DENK: I'm disturbingly willing to do these things.

(SOUNDBITE OF LAUGHTER)

DENK: But up to a point. And Adam, my producer, is - you know, always the best thing is to have it just as it is, you know, some great take. And occasionally you feel you really must monkey with a little bit of timing or something that wasn't quite exactly right or something. But the best thing is to have the take there and just put it out.

And a lot of the 111's second movement, for example, is in one continuous take because of the nature of the music. You want it to speak naturally, as you would when you were playing. But sometimes it can be fun when you want to bring out - you know, there are certain times that I forgot to bring out one voice or another, and you're able to voice up one note or another in some of these Ligeti etudes, for example, to reveal some dirty laundry.

(SOUNDBITE OF LAUGHTER)

DENK: So, you know, it can be fun in a little way.

GROSS: Well, Jeremy Denk, thank you so much for talking with us.

DENK: Thanks, my pleasure.

GROSS: Jeremy Denk's new album is called "Ligeti/Beethoven." Denk writes a popular blog about music and his life. You'll find links to some of his funniest blog posts on our website, freshair.npr.org. I'm Terry Gross, and this is FRESH AIR.

TERRY GROSS, HOST: This is FRESH AIR. I'm Terry Gross. The classical music world lost one of its legendary figures last week. The German baritone Dietrich Fischer-Dieskau died just short of his 87th birthday. Classical music critic Lloyd Schwartz is one of his admirers. Here's Lloyd's tribute.

LLOYD SCHWARTZ, BYLINE: Dietrich Fischer-Dieskau had almost too much going for him. His voice was almost too beautiful, and once he lost his baby fat, he was almost too good-looking. And he was almost too versatile. He sang opera and oratorio, Bach, Mozart and Verdi, as well as modern and contemporary works. He was a great Wozzeck in Berg's bleak, expressionist opera. Benjamin Britten composed the baritone role of his famous "War Requiem" for Fischer-Dieskau, who sang the world premiere under the composer's direction at the reopening in 1962 of the bombed-out Coventry Cathedral in England, and on the very first recording.

He was probably most admired for his vast repertoire of art songs, which he sang in his native German, as well as in English, French, Russian, Hungarian and even Hebrew. He was surely the 20th-century's most famous interpreter of German lieder: Schubert and Schumann, Brahms and Mahler.

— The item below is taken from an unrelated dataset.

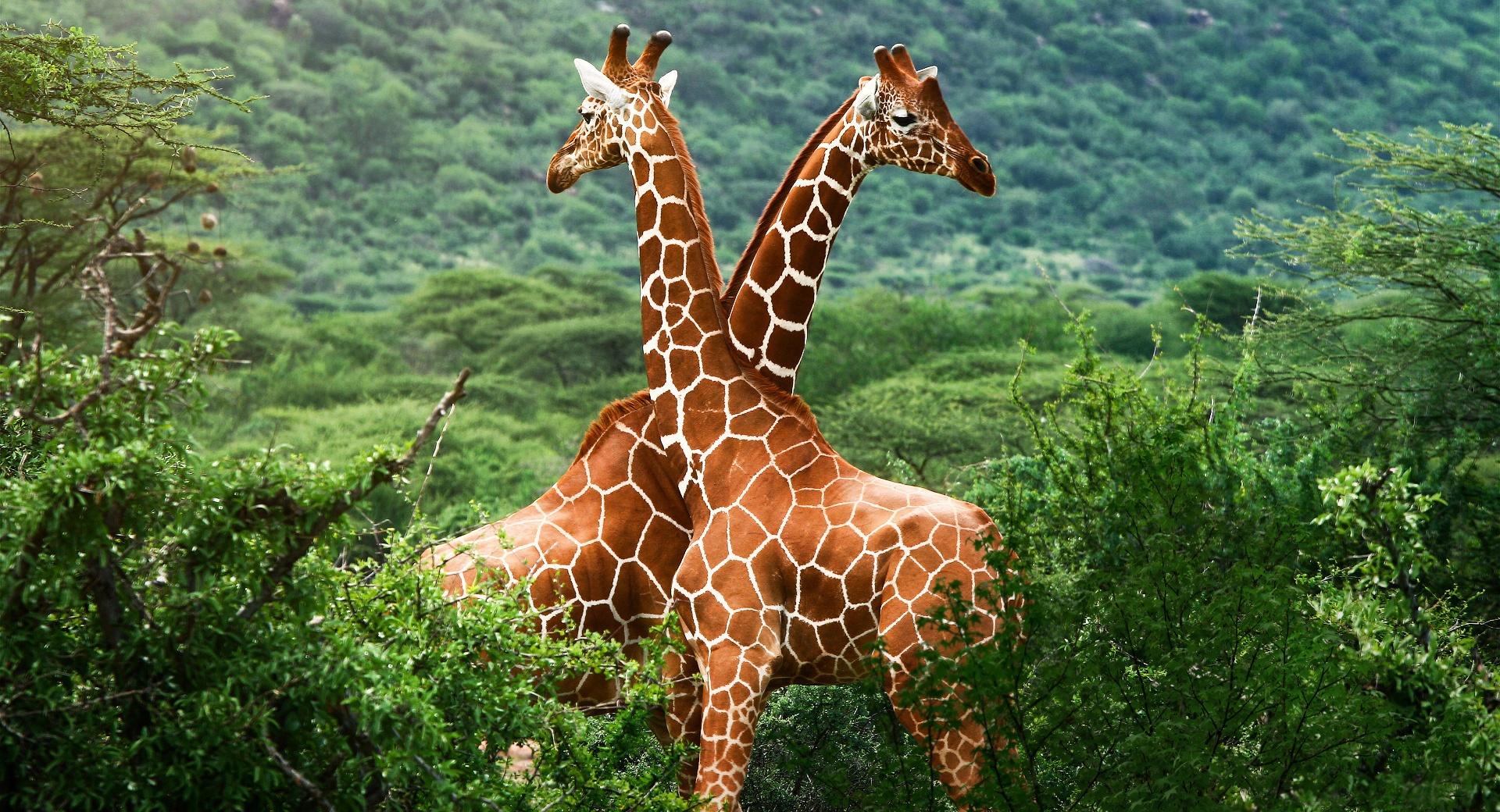 Giraffes, Africa at 1024 x 1024 iPad size wallpapers HD quality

Here he is bringing a remarkable freshness to the second song of Mahler's "Songs of a Wayfarer," "I Went Out This Morning across the Field." Isn't it a beautiful world, the singer asks. Sadly, without his love, he can't correspond to the joy he sees in the birds, the flowers and the sunshine. But it's the joyful opening that's most captivating.

(SOUNDBITE OF SONG, "I WENT OUT THIS MORNING ACROSS THE FIELD")

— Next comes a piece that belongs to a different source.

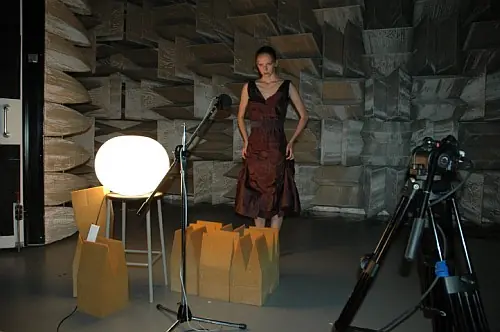 Las doce cámaras anecoicas más curiosas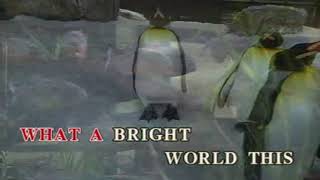 One Little Candle (Vocal)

DIETRICH FISCHER-DIESKAN: (Singing in German)

SCHWARTZ: I heard Fischer-Dieskau live only a few times. Once was at Carnegie Hall in a concert performance with one of his dearest collaborators, soprano Elisabeth Schwarzkopf, and once at Boston's Symphony Hall, in a seldom-performed, but deeply moving early Brahms song cycle, "Die Schoene Magalone." He didn't have a huge voice, but he sang with such point and focus, you could hear every nuance from the back row.

Fischer-Dieskau was an extremely intelligent artist. When he wasn't singing, he was coaching or teaching, or writing books on music. I loved the collections of song lyrics he put together and his sensitive commentaries. Later, he also added conducting to his career.

Here is one of his great performances of Schubert. It's the last song of the tragic "Winterreise" cycle, "Winter's Journey." The accompanist is pianist Alfred Brendel. After traversing a desolate landscape, as psychological as is it literal, the singer's final vision is of an old organ-grinder singing out in the cold: frozen, despised, even by snarling dogs. His collection plate is empty. The mysterious hurdy-gurdy man carrying out his calling, even in the bitterest chill of winter is an image of the suffering artist. Fischer-Dieskau sings this with a sense of understated, but heartbreaking identification and awe. It's an awe his audiences have felt ever since his career started midway through the last century.

(SOUNDBITE OF SONG, "WINTER'S JOURNEY")

FISCHER-DIESKAN: (Singing in German)

GROSS: Lloyd Schwartz is classical music editor of the Boston Phoenix, and teaches creative writing in the MFA program at the University of Massachusetts, Boston. Dietrich Fischer-Dieskau died last Friday.

Coming up, some tips on running shoes, some bad news about high heels, and when not to take ibuprofen. Part two of our interview with Gretchen Reynolds, who writes The New York Times "Phys Ed" column, and has a new book about exercise. This is FRESH AIR.

TERRY GROSS, HOST: Whether you're jogging or just walking around the office in high heels, you've got to watch out for your feet and your legs. We're going to hear Part Two of our interview with Gretchen Reynolds, who writes the "Phys Ed" column for the New York Times blog Well. She also has a new book about the latest research about exercise. It's called "The First 20 Minutes." Reynolds is an avid runner and in Part One of our interview, she explained that although running, when done right, can be good for you, most runners will eventually have to deal with a running-related injury.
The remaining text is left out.